| It is very interesting, but there are plenty of stoppers for me: 1. Subscription model. I will be willing to pay even $250 for a good email client, that is superior to the native macOS client. If it really adds more features that I need. Meaning, I can use mostly all the email related features offered by Fastmail. But I am not willing to support subscription models. 2. No iOS client. I use email on macOS and iOS. Not having support for iOS is a dealbreaker. I want the same client. 3. No trial. As it seems like. I actually tried to download the app. There is a Sign-In page with a disabled Sign In button. I guess I need to subscribe to try it. I can spare $3, but I don't want to support subscription models. Seriously, give me an option to try it for 14–30 days, I will pay for it $100-$200, and you can ask me to pay you again for an upgrade in 3–4 years. 4. The main reason I don't want to try it, also because I am sure, there are probably some nice features, but at the same time, there are most likely so many issues with integrations between other apps. Like links from Reminders to the Mail client, or from Notes to the Mail client. And based on the roadmap [1] it seems like this is mostly MVP product. -- [1] https://feedback.swiftmail.io/roadmap/roadmap |
Consider a mail service that only has IMAP-IDLE [1]. iOS's mail does not support that.

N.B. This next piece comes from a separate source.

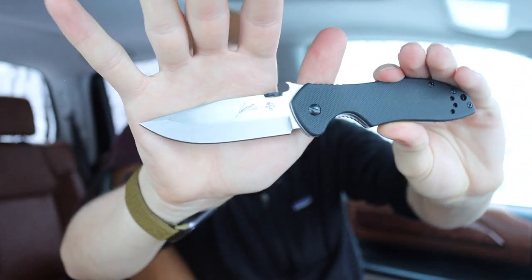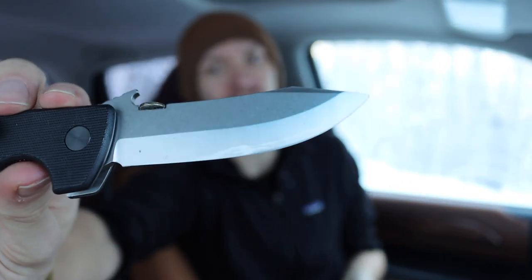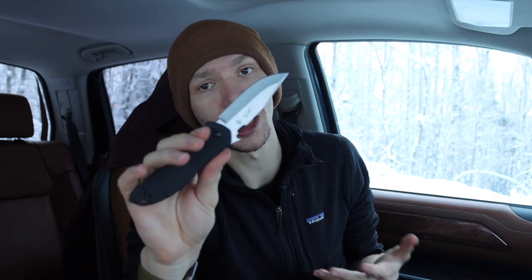It's also worth noting that this Kershaw Emerson diverges in its grind. It is flat ground with two bevels, whereas traditional Emersons are V-ground or chisel-ground blades with one bevel - the other side is not beveled. You can see that even on this used blade there's not much of a bevel on one side. The Kershaw is more like a traditional knife, and honestly I kind of like that about this Emerson.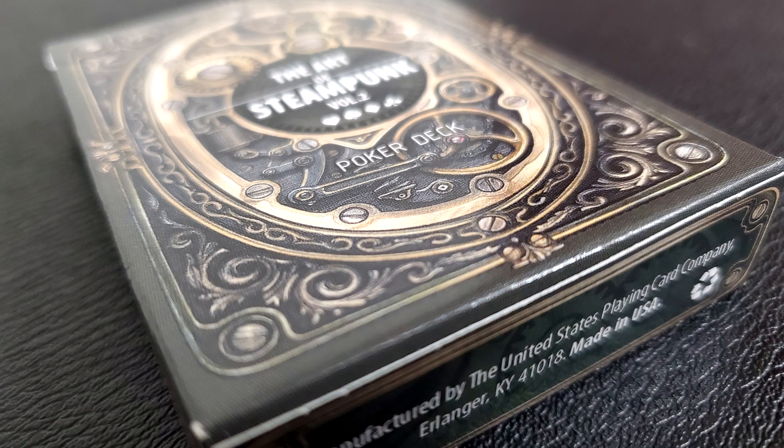Today we're going to look at The Art of Steampunk. This is volume two from Aristo Playing Card Company. I got these from the good people down at playingcarddecks.com.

So ANY 3rd party to be able to deliver notifications you either have to go through Apple's push notification service (or ask for Local push connectivity [2]). But regardless, it implies that in order for you to trigger the notification (either via Apple to the device, or directly) you must thus know that a new email has popped up. The only way to keep track of this is to use an intermediate server that maintains connection with IMAP-IDLE, and thus needs to know credentials.